1) Blur parameter, scaling strategy

Dating back to the work of Schrödinger - see e.g. (Léonard, 2013) for a modern review - entropy-regularized Optimal Transport is all about solving the convex primal/dual problem:

\[\begin{split}\text{OT}_\varepsilon(\alpha,\beta)~&=~ \min_{0 \leqslant \pi \ll \alpha\otimes\beta} ~\langle\text{C},\pi\rangle ~+~\varepsilon\,\text{KL}(\pi,\alpha\otimes\beta) \quad\text{s.t.}~~ \pi\,\mathbf{1} = \alpha ~~\text{and}~~ \pi^\intercal \mathbf{1} = \beta\\ &=~ \max_{f,g} ~~\langle \alpha,f\rangle + \langle \beta,g\rangle - \varepsilon\langle \alpha\otimes\beta, \exp \tfrac{1}{\varepsilon}[ f\oplus g - \text{C} ] - 1 \rangle,\end{split}\]

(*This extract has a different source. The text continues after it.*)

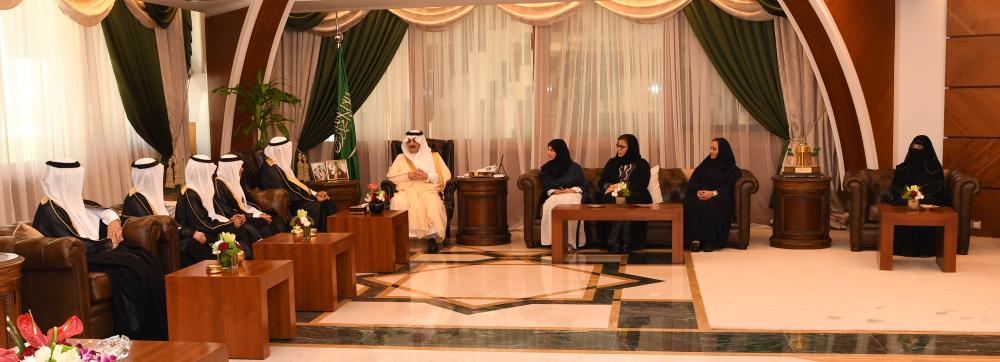 أمير الشرقية ينوه بحرص القيادة على مسيرة التعليم بالمملكة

where the linear Kantorovitch program is convexified by the addition of an entropic penalty - here, the generalized Kullback-Leibler divergence

\[\text{KL}(\alpha,\beta) ~=~ \langle \alpha, \log \tfrac{\text{d}\alpha}{\text{d}\beta}\rangle - \langle \alpha, 1\rangle + \langle \beta, 1\rangle.\]

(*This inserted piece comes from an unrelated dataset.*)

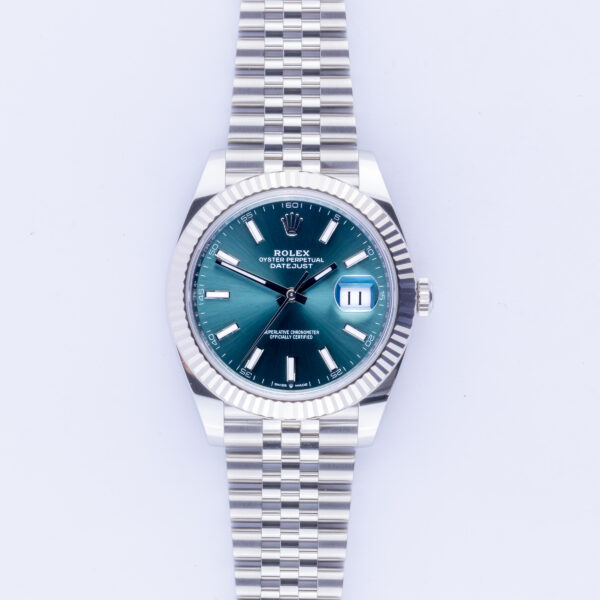 Rolex Datejust 126334 Mint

The celebrated IPFP, SoftAssign and Sinkhorn algorithms are all equivalent to a block-coordinate ascent on the dual problem above and can be understood as smooth generalizations of the Auction algorithm, where a SoftMin operator

\[\text{min}_{\varepsilon, x\sim\alpha} [ \text{C}(x,y) - f(x) ] ~=~ - \varepsilon \log \int_x \exp \tfrac{1}{\varepsilon}[ f(x) - \text{C}(x,y) ] \text{d}\alpha(x)\]

is used to update prices in the bidding rounds. This algorithm can be shown to converge as a Picard fixed-point iterator, with a worst-case complexity that scales in \(O( \max_{\alpha\otimes\beta} \text{C} \,/\,\varepsilon )\) iterations to reach a target numerical accuracy, as \(\varepsilon\) tends to zero.

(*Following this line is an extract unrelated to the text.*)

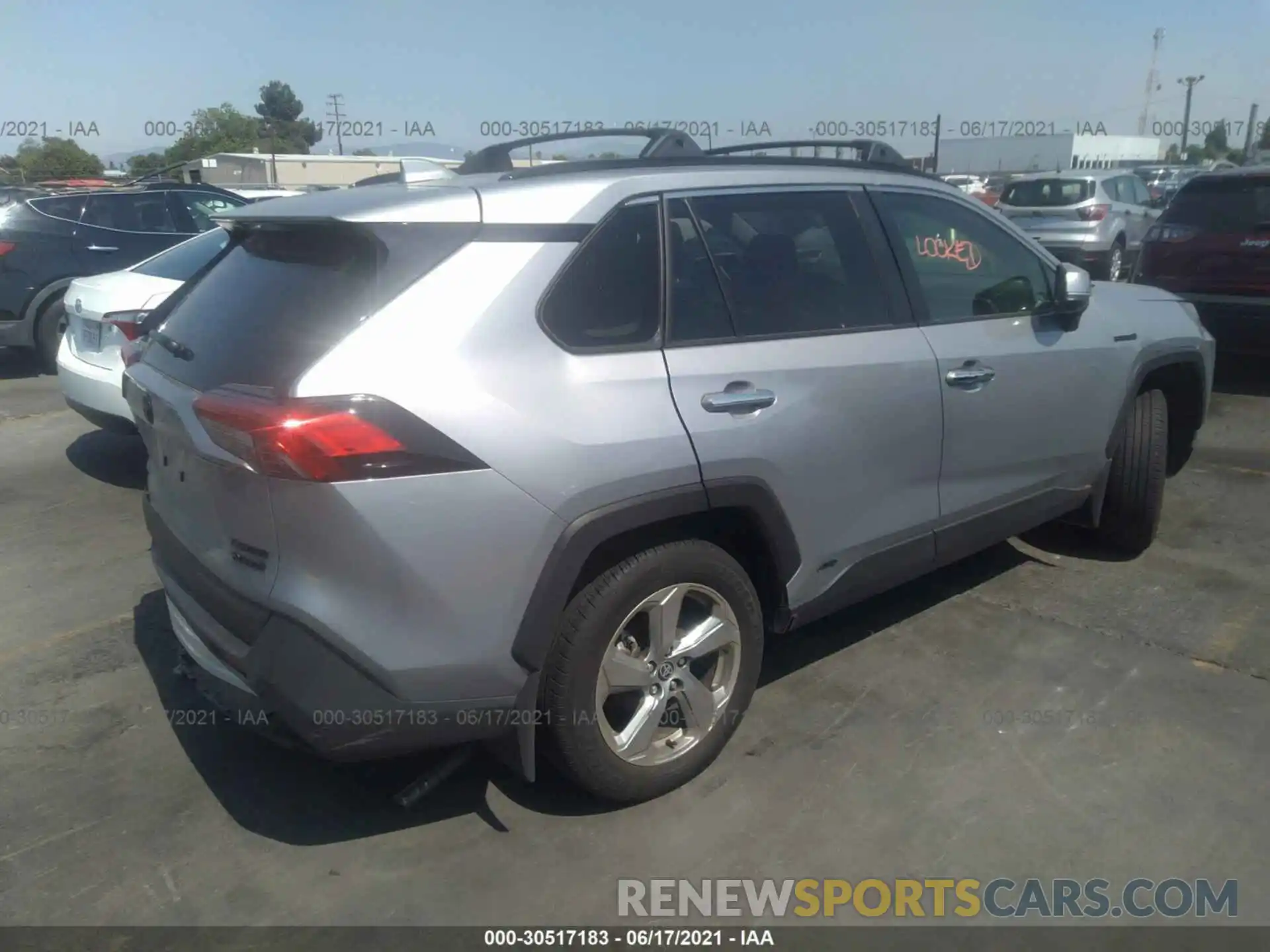 4 Photograph of a damaged car JTMDWRFV6LD551098 TOYOTA RAV4 2020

Limitations of the (baseline) Sinkhorn algorithm. In most applications, the cost function is the squared Euclidean distance \(\text{C}(x,y)=\tfrac{1}{2}\|x-y\|^2\) studied by Brenier and subsequent authors, with a temperature \(\varepsilon\) that is homogeneous to the square of a blurring scale \(\sigma = \sqrt{\varepsilon}\).

With a complexity that scales in \(O( (\text{diameter}(\alpha, \beta) / \sigma)^2)\) iterations for typical configurations, the Sinkhorn algorithm thus seems to be restricted to high-temperature problems where the point-spread radius \(\sigma\) of the fuzzy transport plan \(\pi\) does not go below ~1/20th of the configuration’s diameter.

Scaling heuristic. Fortunately though, as often in operational research, simulated annealing can be used to break this computational bottleneck. First introduced for the \(\text{OT}_\varepsilon\) problem in (Kosowsky and Yuille, 1994), this heuristic is all about decreasing the temperature \(\varepsilon\) across the Sinkhorn iterations, letting prices adjust in a coarse-to-fine fashion.

The default behavior of the SamplesLoss("sinkhorn") layer is to let \(\varepsilon\) decay according to an exponential schedule. Starting from a large value of \(\sigma = \sqrt{\varepsilon}\), estimated from the data or given through the diameter parameter, we multiply this blurring scale by a fixed scaling coefficient in the \((0,1)\) range and loop until \(\sigma\) reaches the target blur value. We thus work with decreasing values of the temperature \(\varepsilon\) in

\[[ \text{diameter}^2,~(\text{diameter}\cdot \text{scaling})^2, ~(\text{diameter}\cdot \text{scaling}^2)^2,~ \cdots~ , ~\text{blur}^2~],\]

with an effective number of iterations that is equal to:

\[N_\text{its}~=~ \bigg\lceil \frac{ \log ( \text{diameter}/\text{blur} )}{ \log (1 / \text{scaling})} \bigg\rceil.\]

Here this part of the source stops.